Control of Optical Solitons

Abstract

Under the ideal conditions, isolated optical solitons can propagate over infinite distances without distortion. In actual transmission systems, however, a variety of effects perturb the soliton propagation so that the transmission distance and speed are limited. Such perturbations include interaction between neighboring solitons [37, 38, 54], local imbalance of fiber dispersion and nonlinearity due to fiber loss and lumped amplification [45–47,55], noise-induced timing jitter (the Gordon–Haus effect [48]), higher-order effects such as third-order dispersion and stimulated Raman effect [16, 56, 57], and randomly varying birefringence [58]. In WDM systems, four-wave mixing and cross-phase modulation between pulses in different wavelength channels give further restriction to the system performance [52, 59, 60]. Although the pulse shape tends to be preserved even under these perturbations owing to the particle nature of the soliton, the pulse parameters such as amplitude, frequency, and temporal position are fluctuated, and dispersive radiations are shed from the soliton, which gives rise to bit errors.
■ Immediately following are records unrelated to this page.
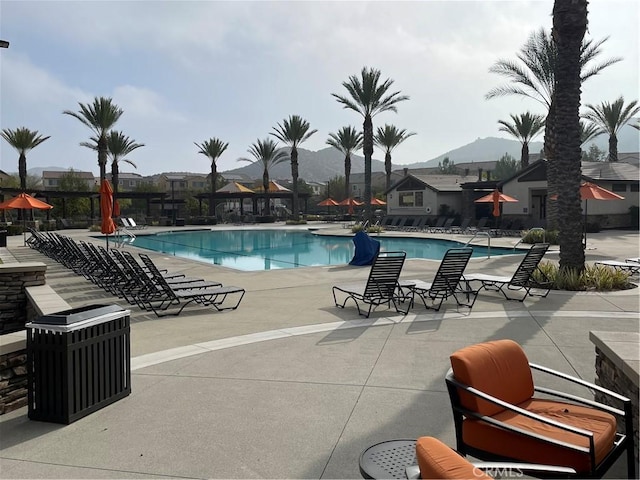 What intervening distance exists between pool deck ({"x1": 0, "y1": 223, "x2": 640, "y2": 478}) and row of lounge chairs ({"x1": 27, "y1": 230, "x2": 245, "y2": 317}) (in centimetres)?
34

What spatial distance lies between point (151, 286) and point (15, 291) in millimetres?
2393

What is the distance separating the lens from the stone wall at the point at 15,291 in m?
8.77

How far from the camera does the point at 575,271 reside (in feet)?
34.8

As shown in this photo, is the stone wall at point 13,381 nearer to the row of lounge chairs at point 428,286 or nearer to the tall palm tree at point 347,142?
the row of lounge chairs at point 428,286

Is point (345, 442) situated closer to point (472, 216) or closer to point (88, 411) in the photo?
point (88, 411)

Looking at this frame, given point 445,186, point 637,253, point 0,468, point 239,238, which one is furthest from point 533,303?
point 445,186

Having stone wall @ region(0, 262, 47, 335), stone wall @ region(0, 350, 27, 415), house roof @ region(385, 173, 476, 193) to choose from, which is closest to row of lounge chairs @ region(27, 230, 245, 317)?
stone wall @ region(0, 262, 47, 335)

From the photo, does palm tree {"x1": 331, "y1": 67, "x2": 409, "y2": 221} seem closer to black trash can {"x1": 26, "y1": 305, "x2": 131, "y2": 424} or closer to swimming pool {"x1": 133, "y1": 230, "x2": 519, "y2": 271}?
swimming pool {"x1": 133, "y1": 230, "x2": 519, "y2": 271}

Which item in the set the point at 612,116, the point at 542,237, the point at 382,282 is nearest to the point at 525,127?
the point at 612,116

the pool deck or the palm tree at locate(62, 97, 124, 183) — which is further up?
the palm tree at locate(62, 97, 124, 183)

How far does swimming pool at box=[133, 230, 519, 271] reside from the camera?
65.8 feet

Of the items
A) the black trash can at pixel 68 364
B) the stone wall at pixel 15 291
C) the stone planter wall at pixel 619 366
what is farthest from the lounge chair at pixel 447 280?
the stone wall at pixel 15 291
Transmission controls by means of narrowband filters and/or synchronous amplitude and phase modulators are quite effective in reducing the fluctuations and extending the error-free transmission distance [50,51,61]. These controls utilize the nonlinear nature of the pulse to their advantage. In some of the soliton transmission controls, not only soliton signals are controlled and stabilized but also low-power noise is continuously removed from the signal, which is a unique property not available in linear transmission systems [62,63].